Barack Obama bemüht sich bei seinem Besuch in Ankara und Istanbul
darum, das zuletzt belastete Verhältnis zum Bündnispartner Türkei zu
verbessern. Dabei muss der US-Präsident verschiedene Klippen
umschiffen. Eine der gefährlichsten ist der Umgang der Türken mit der
Armenierfrage.
Zwischen 1915 und 1917, während des Ersten Weltkrieges, ging das
damalige Osmanische Reich mit brutaler Gewalt gegen armenische
Unabhängigkeitsbestrebungen vor. Die armenische Bevölkerung Anatoliens
sollte deportiert werden, bei Massakern und Todesmärschen starben
Hunderttausende.
Was damals geschah, das ist bis heute ein Tabuthema in der Türkei.
Eine Aufarbeitung der Vergangenheit fand niemals statt. Und so sah es
Ankara nicht gerne, dass Barack Obama im Wahlkampf ankündigte, die
Verfolgung der Armenier als Genozid zu bezeichnen. Von überwältigenden
historischen Beweisen war die Rede, was in der Türkei Protest auslöste.

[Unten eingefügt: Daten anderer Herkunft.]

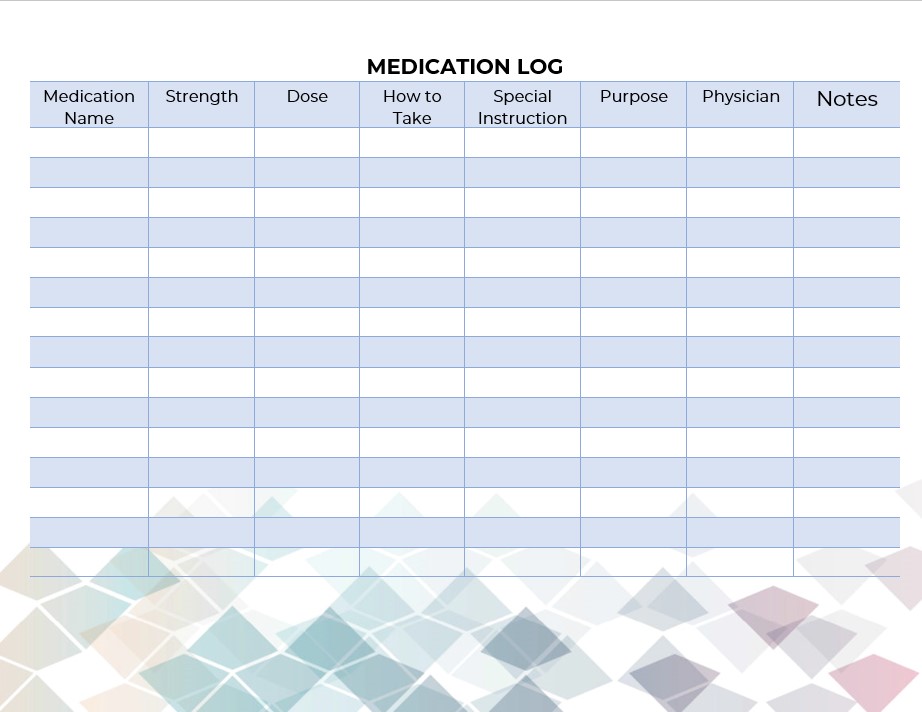 Medication log Template
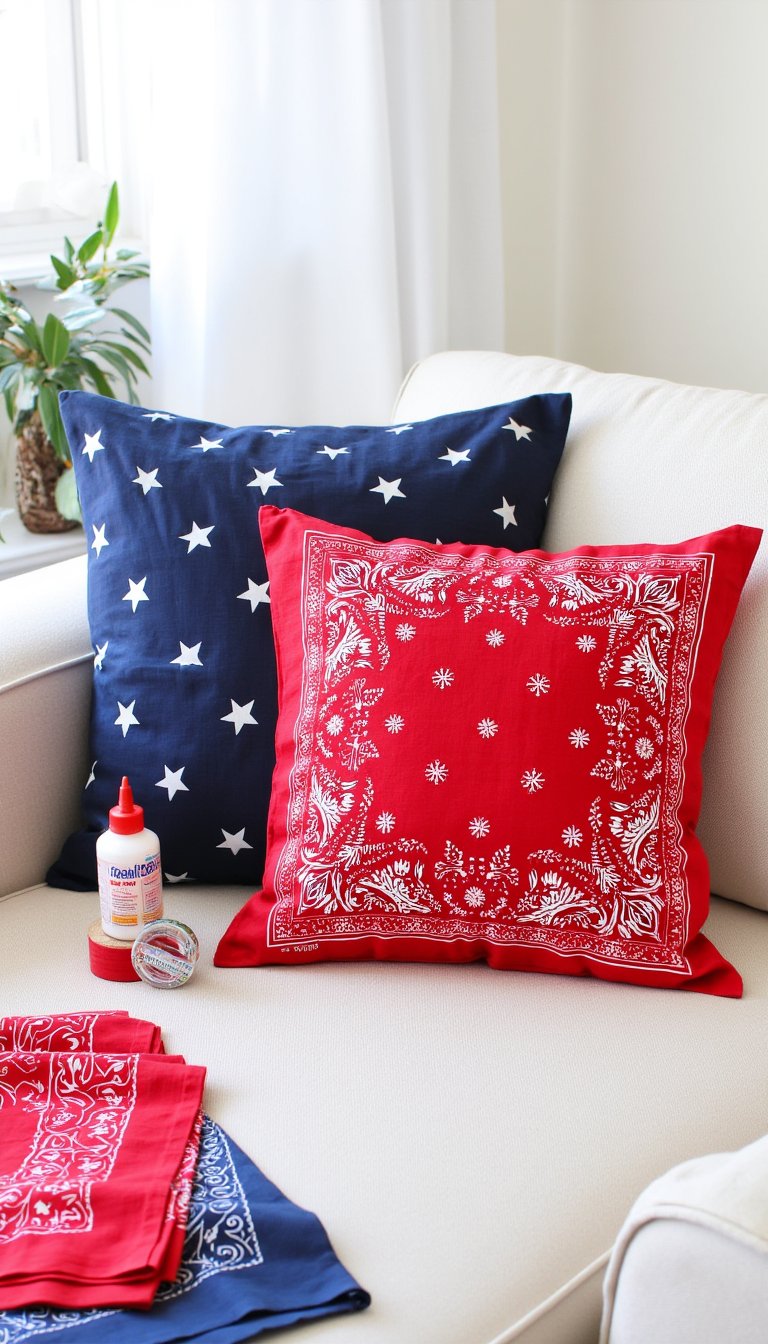 16. Bandana Pillow Covers (No Sew!)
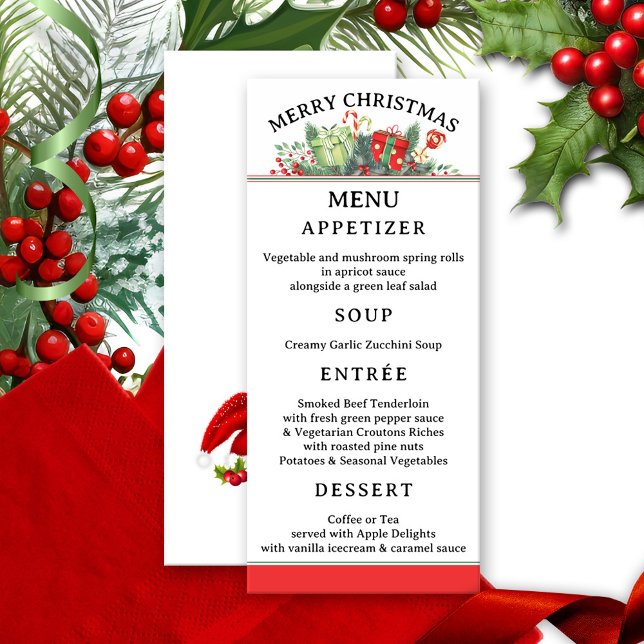 Festive Whimsical Classic Christmas Menu (Christmas menu card featuring a festive classic design in red and green with pine twigs and berries)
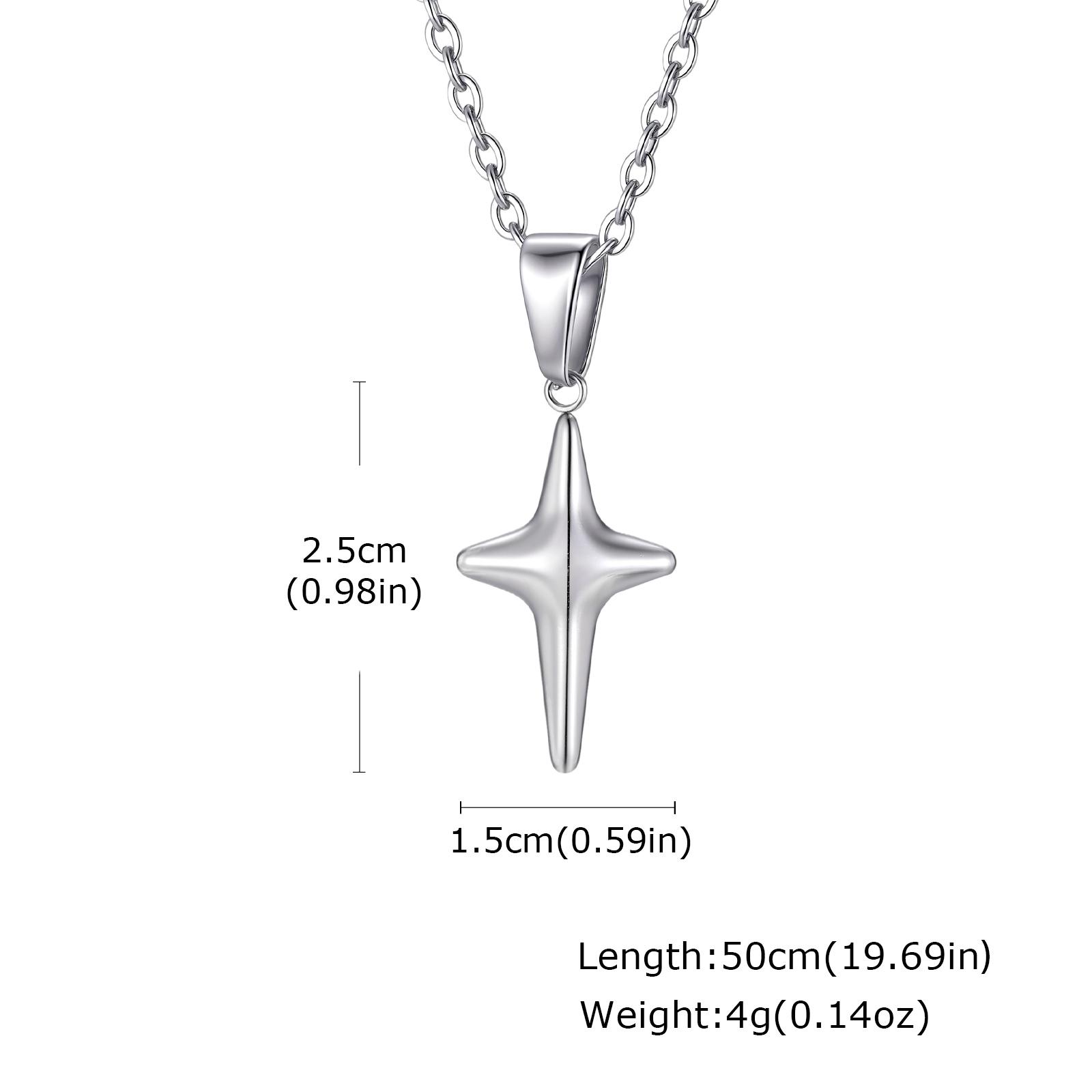 

Vnox Silver Color O-Chain Stainless Steel Hollow Four Point Star Pendant Necklace for Men, Hip Hop Minimalist Necklaces Gift New 50cm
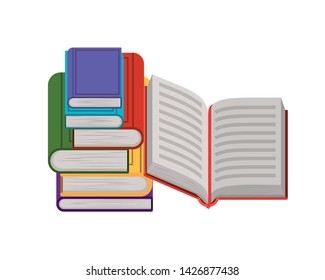 Isolated books and hand design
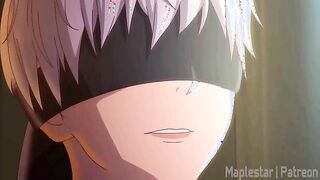 2B gives 9S a blowjob and then gets her smooth pussy creampied from the back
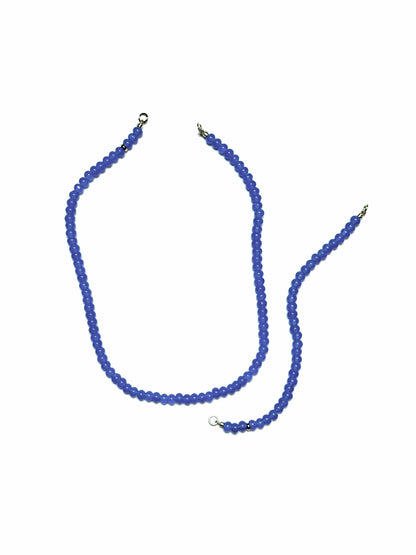 6x4mm Periwinkle Blue Chalcedony Rondelle Necklace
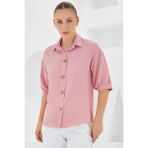 Bigdart Kadın Pembe Kısa Kol Oversize Keten Gömlek 20240 - 38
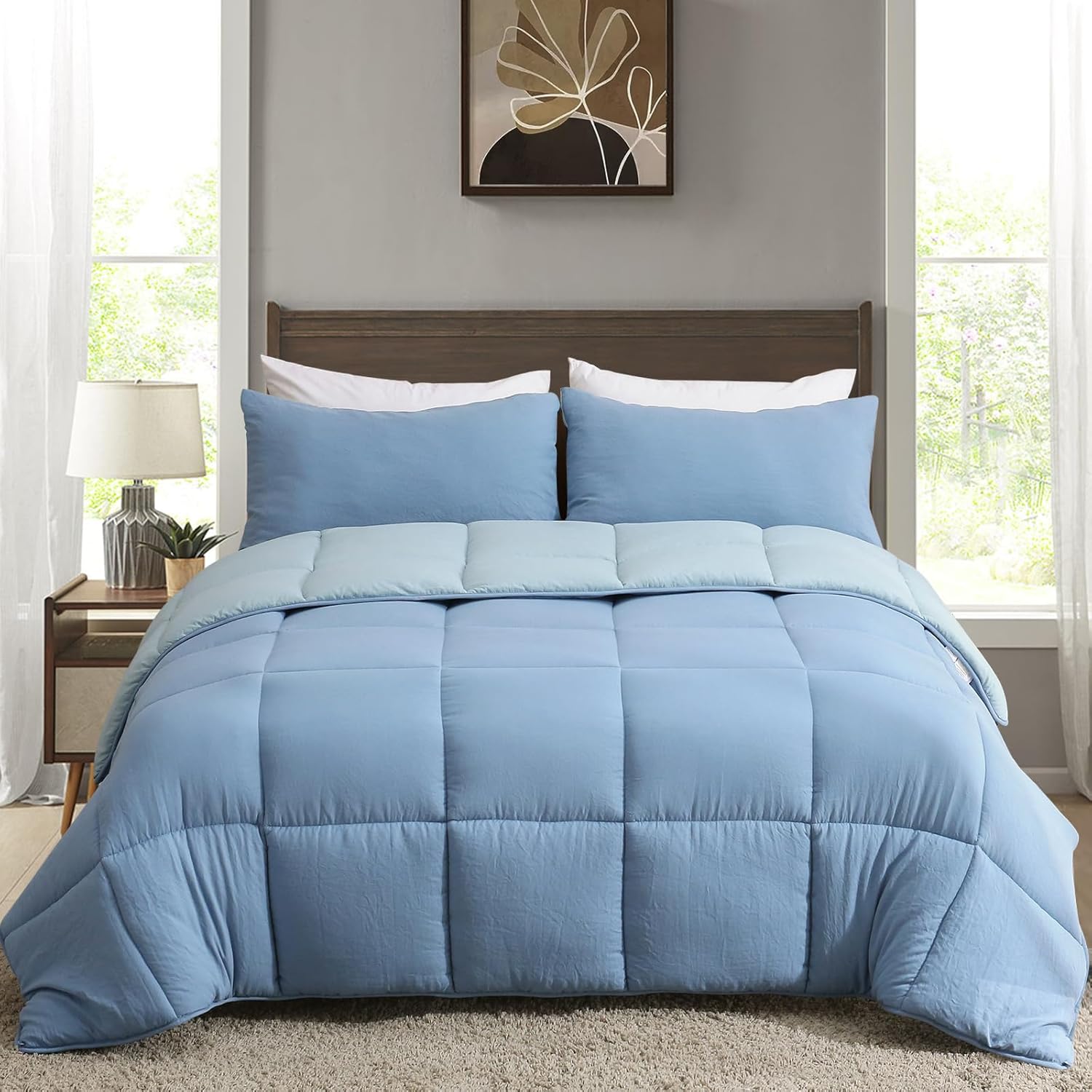 APSMILE Relleno de edredón alternativo de plumón  Edredón de cama matrimonial Queen para todas las estaciones  Edredón reversible acolchado mixto de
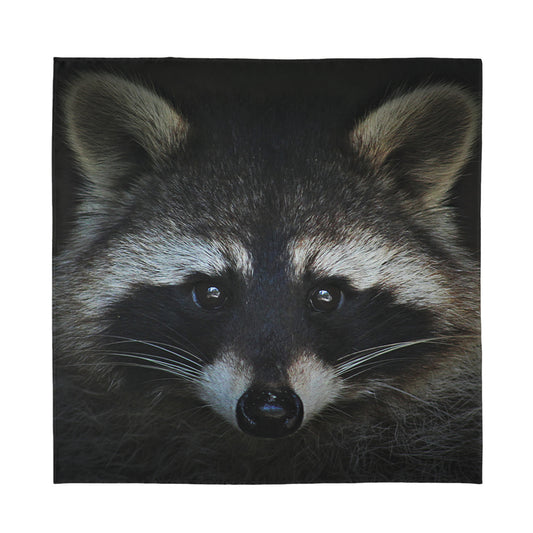 Raccoon Portrait Print Silk Bandana
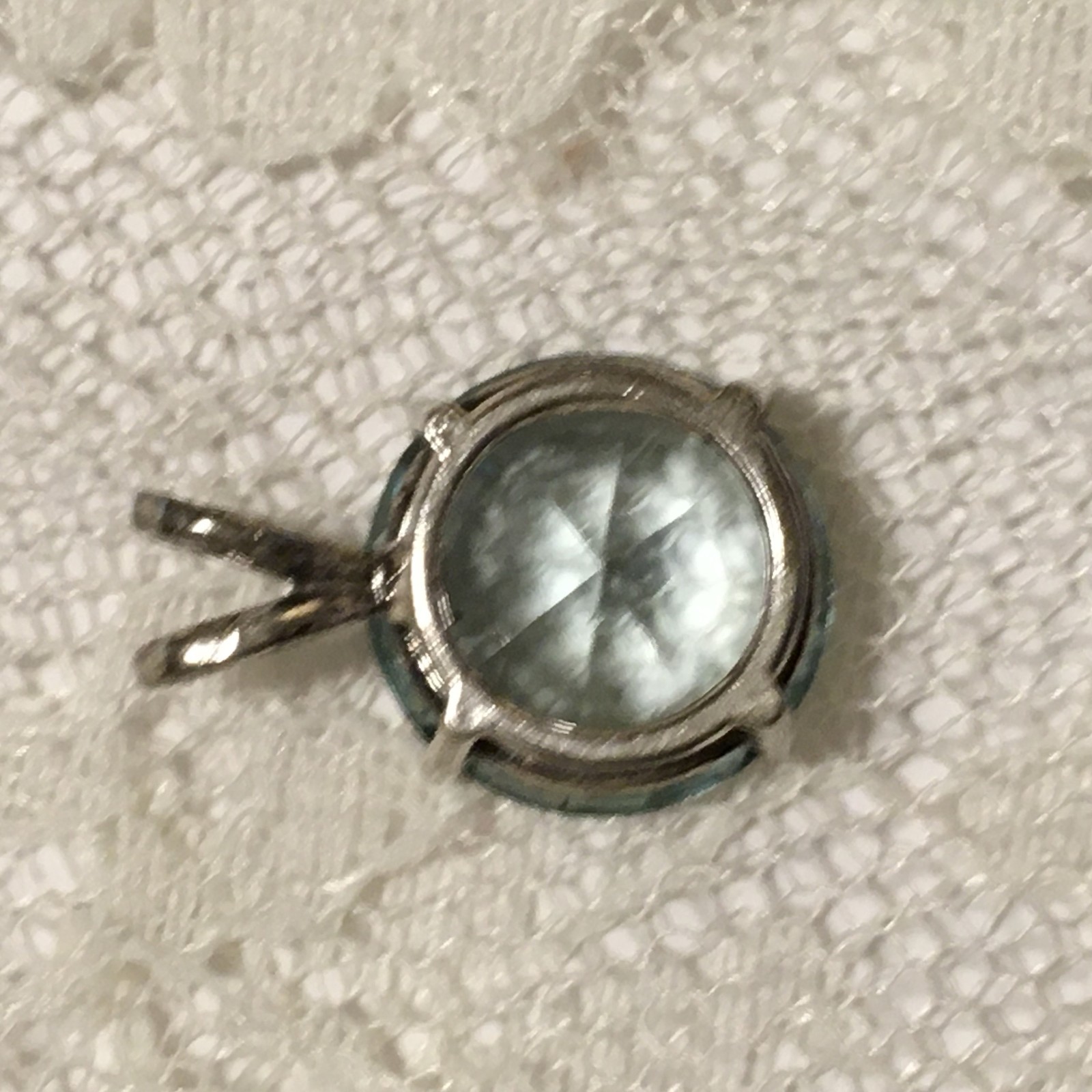 Vintage Sterling Silver Aqua Blue Teal Faceted Solitaire Pendant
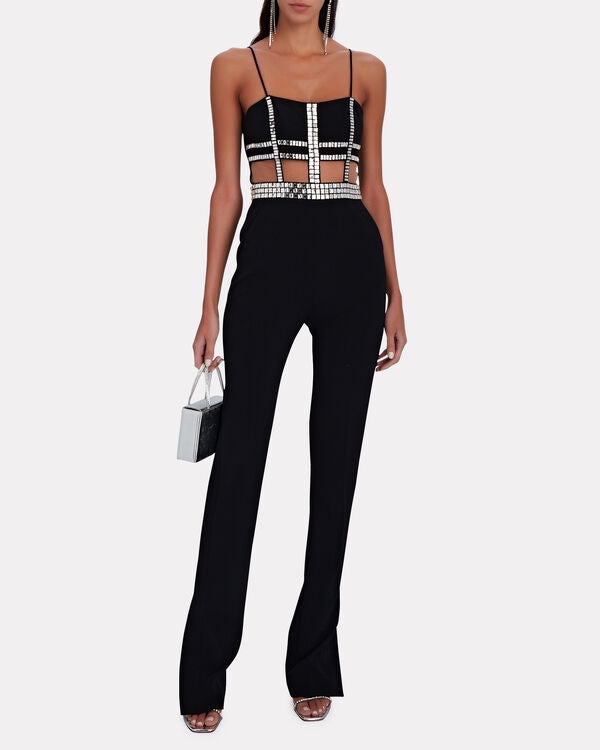 Crystal Embroidered Cage Corset Jumpsuit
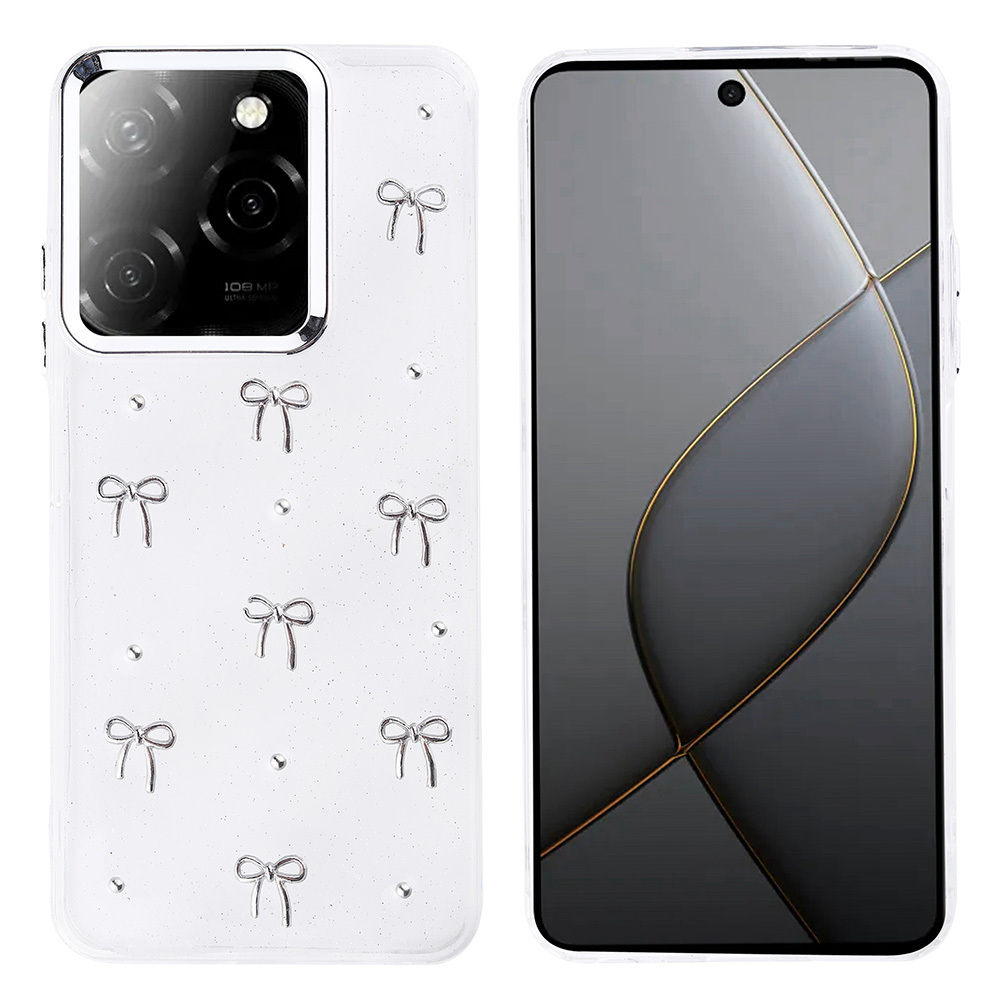 Infinix Hot 40 Uyumlu Kılıf Airbag Tasarımlı Simli Şeffaf Zore Kutup Kapak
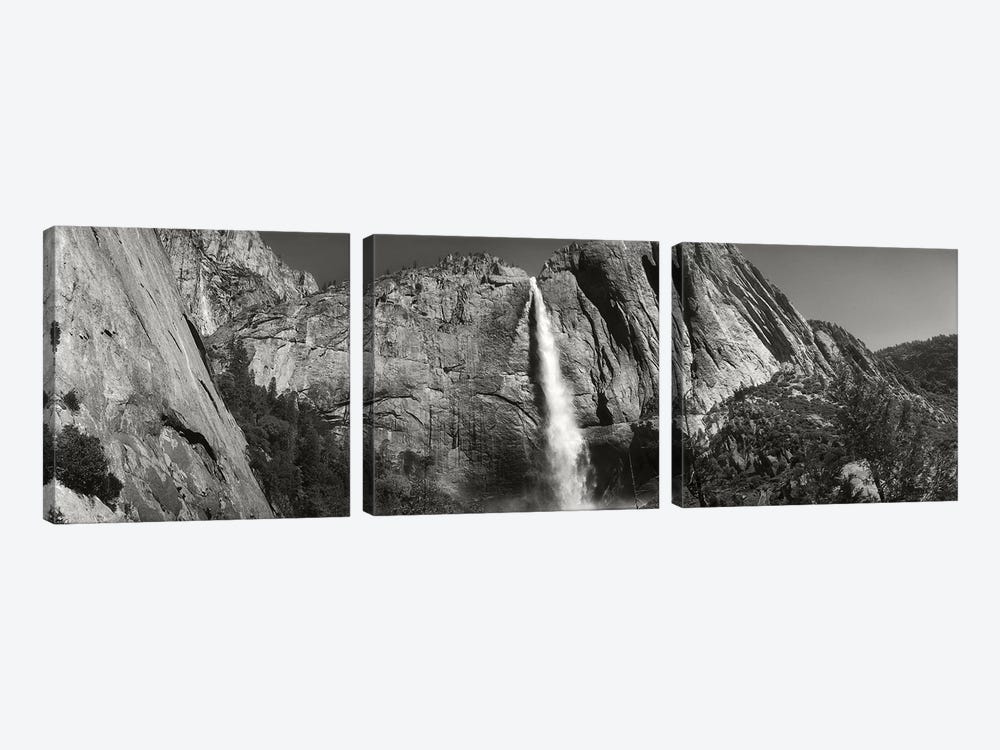 Water Falling From Rocks In A Forest, Bridalveil Fall, Yosemite Valley, Yosemite National Park, California, USA by Panoramic Images 3-piece Art Print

Obama aber bleibt bei seinem Vorhaben: Er ändere seine Sichtweise
nicht, sagte er gegenüber Journalisten in Ankara. Über die gerade
stattfindende türkisch-armenische Annäherung freue er sich aber, sagte
der US-Präsident. Nach jahrzehntelangen Spannungen reden die
Nachbarländer seit kurzem miteinander. Eine gemeinsame
Historikerkommission soll die Vergangenheit aufklären.
Dazu ist es in der Tat höchste Zeit. Wenn die türkische Regierung
allerdings glaubt, mit der Einrichtung des Gremiums sei schon genug
getan, dann irrt sie. Es ist kaum anzunehmen, dass sich Obama so leicht
von seinem Vorhaben abbringen lässt. Dazu ist schon der Druck aus dem
US-Kongress zu groß.
Auch die türkische Politik sollte endlich einsehen, dass
Totschweigen kein Verbrechen ungeschehen macht. Die Türkei will ein
modernes Land sein, will Mitglied werden in der Europäischen Union.
Dazu gehört ein offener Umgang mit den Armeniern und dem, was ihnen
angetan wurde. Die Türkei muss sich ihrer Vergangenheit stellen.